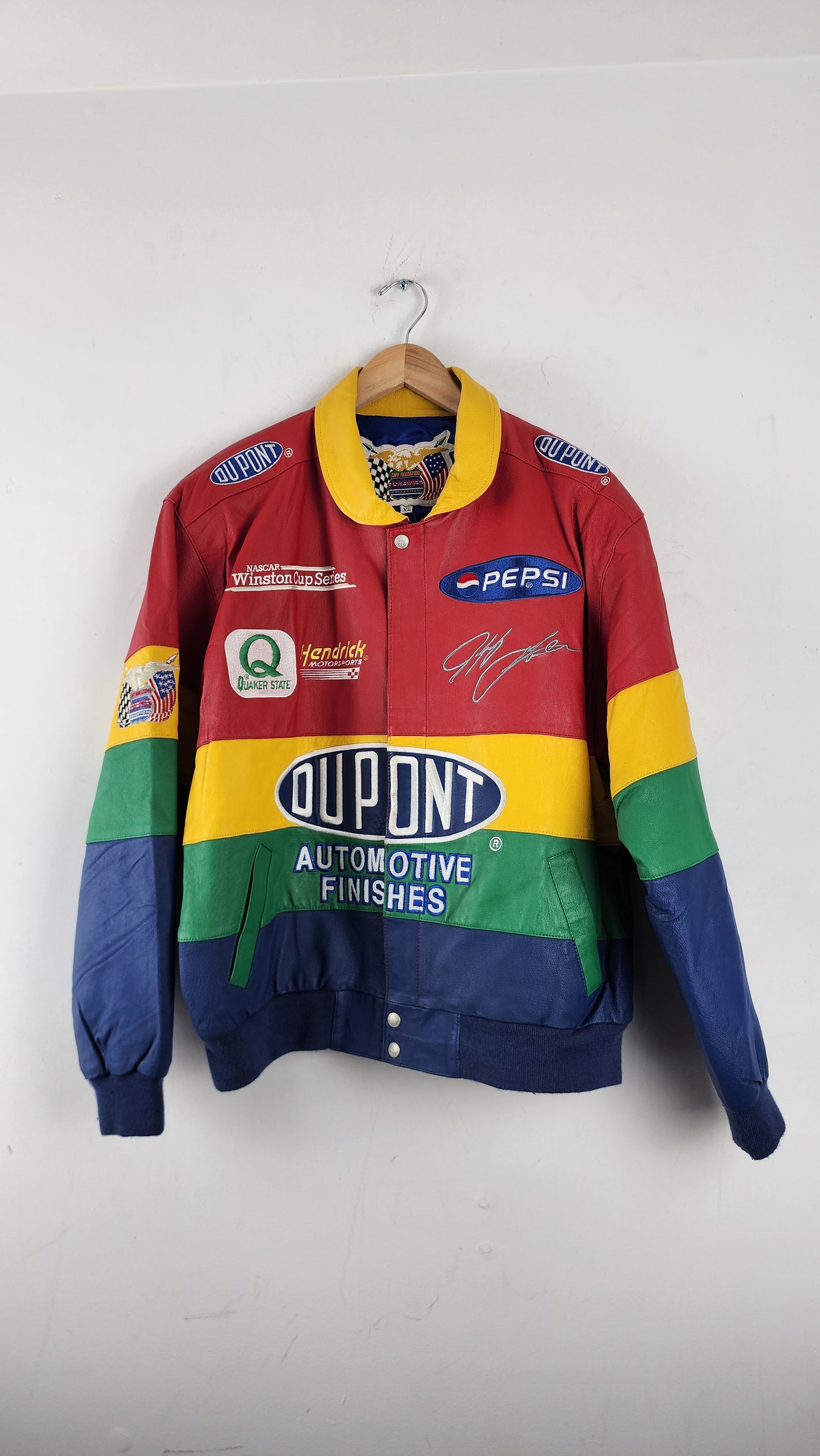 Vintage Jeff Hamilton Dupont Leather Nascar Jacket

------------------------------------------------

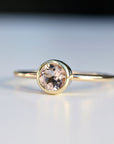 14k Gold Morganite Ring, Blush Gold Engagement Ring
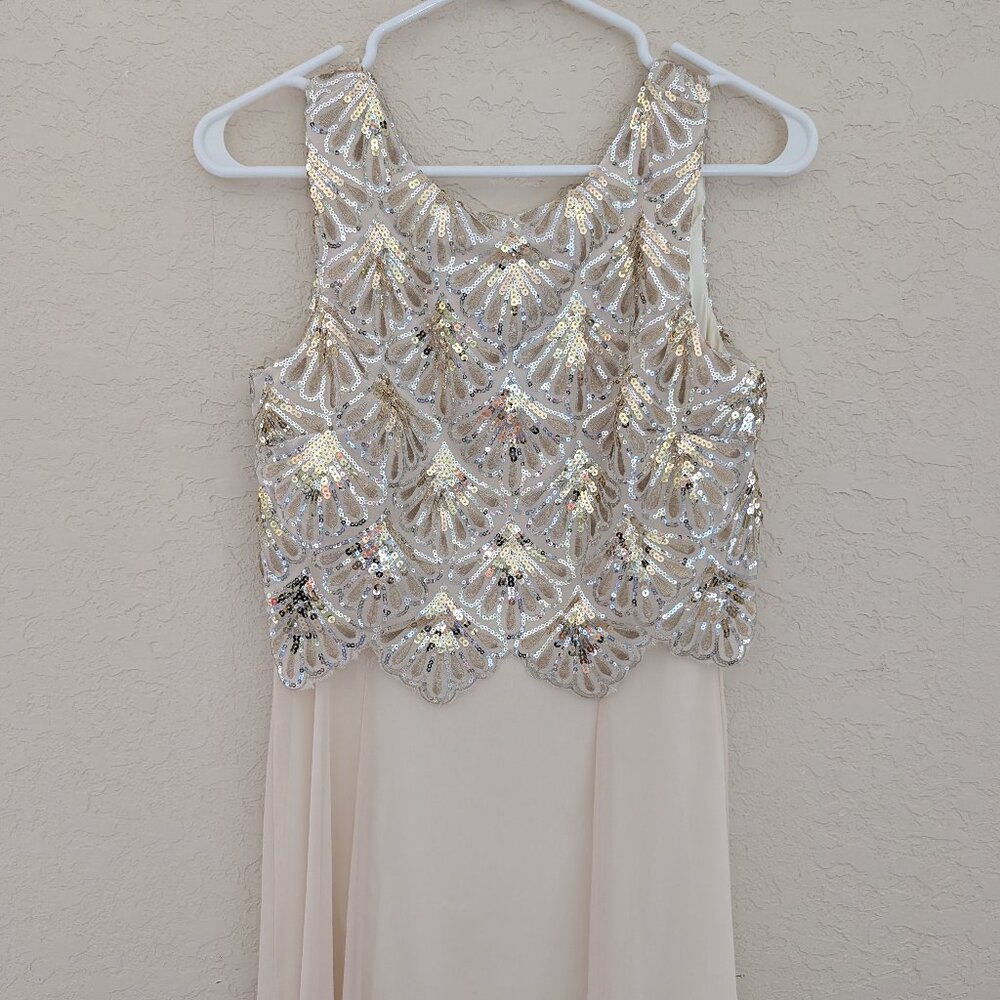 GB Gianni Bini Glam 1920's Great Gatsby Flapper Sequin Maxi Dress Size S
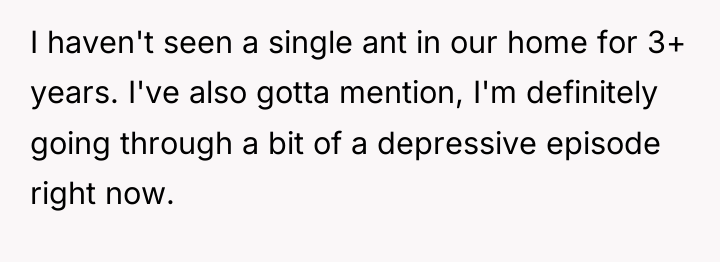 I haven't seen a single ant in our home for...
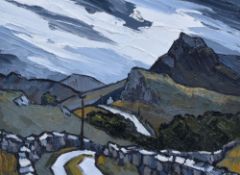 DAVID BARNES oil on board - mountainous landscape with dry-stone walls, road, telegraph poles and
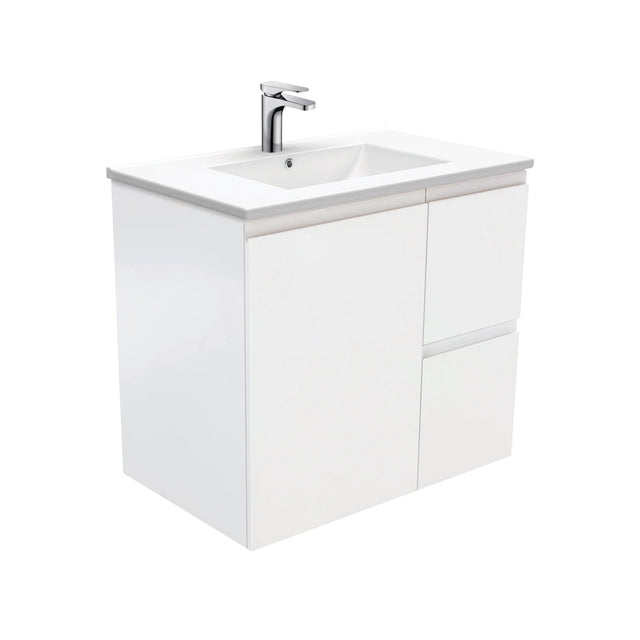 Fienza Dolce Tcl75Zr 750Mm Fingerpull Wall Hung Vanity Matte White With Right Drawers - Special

------------------------------------------------

Action item |
The material above holds pictures; leave them out and set down exactly the lines from the line with "I haven't seen" to the line with "Fienza Dolce Tcl75Zr", both included.

Task result |
 I haven't seen a single ant in our home for...
 DAVID BARNES oil on board - mountainous landscape with dry-stone walls, road, telegraph poles and
 Fienza Dolce Tcl75Zr 750Mm Fingerpull Wall Hung Vanity Matte White With Right Drawers - Special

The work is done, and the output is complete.